> YOUR ASSIGNMENT:
Exact retyping of the data: please keep every word and drop each picture.

> EXERCISE DATA:
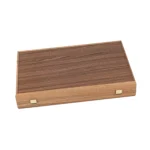 Backgammon Marqueté en Noyer et Intérieur Bleu – Image 2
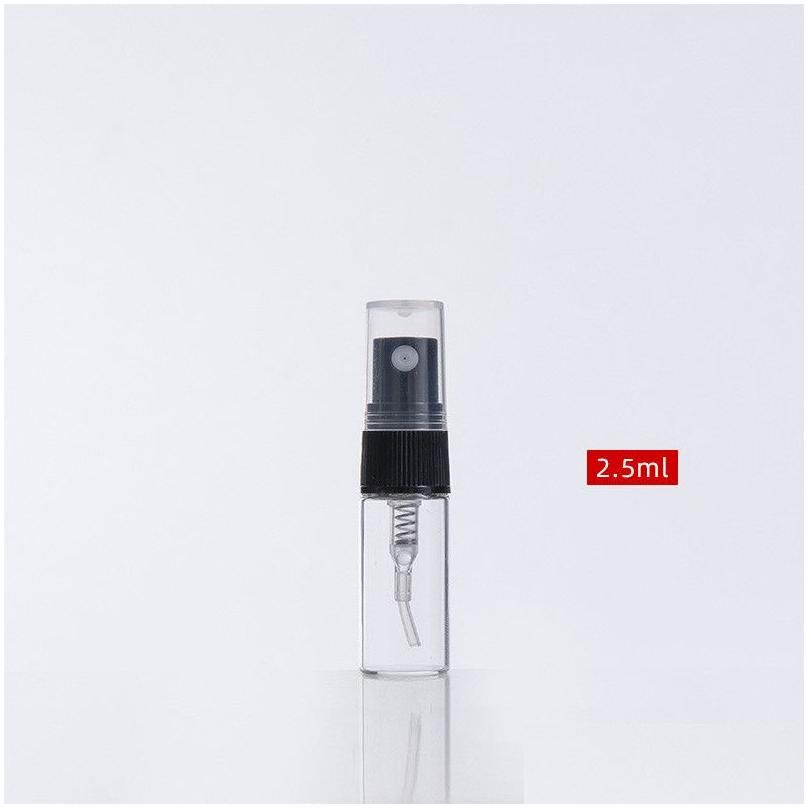 2,5 ml de tampa clara de spray preto transparente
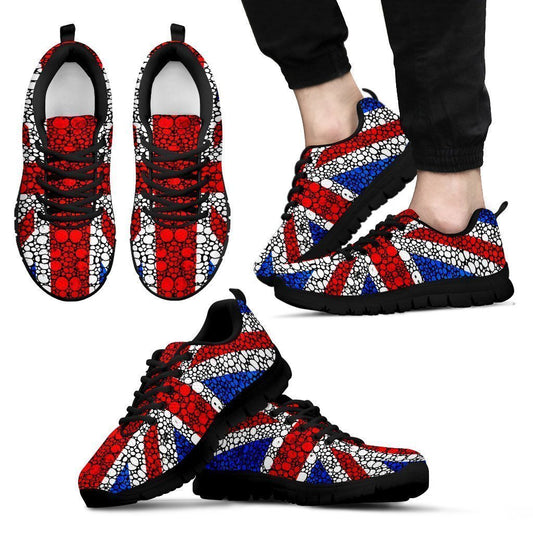 BRITAIN FLAG BLACK SHOE Men's Sneakers-6teenth World™-Men's Sneakers-US5 (EU38)-Vibe Cosy™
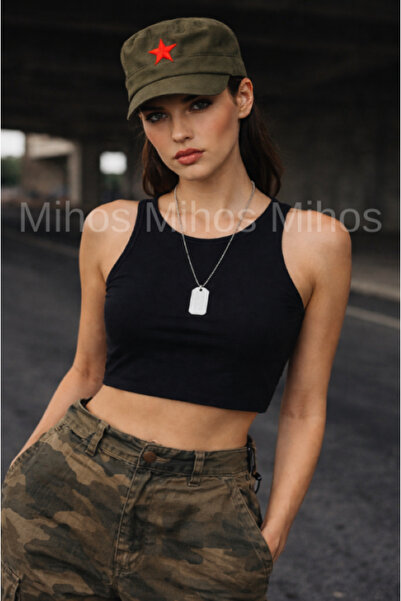 Mihos Unisex Χακί Star Che Guevara & Καπέλο Fidel Castro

> ANSWER AREA:
 Backgammon Marqueté en Noyer et Intérieur Bleu – Image 2
 2,5 ml de tampa clara de spray preto transparente
 BRITAIN FLAG BLACK SHOE Men's Sneakers-6teenth World™-Men's Sneakers-US5 (EU38)-Vibe Cosy™
 Mihos Unisex Χακί Star Che Guevara & Καπέλο Fidel Castro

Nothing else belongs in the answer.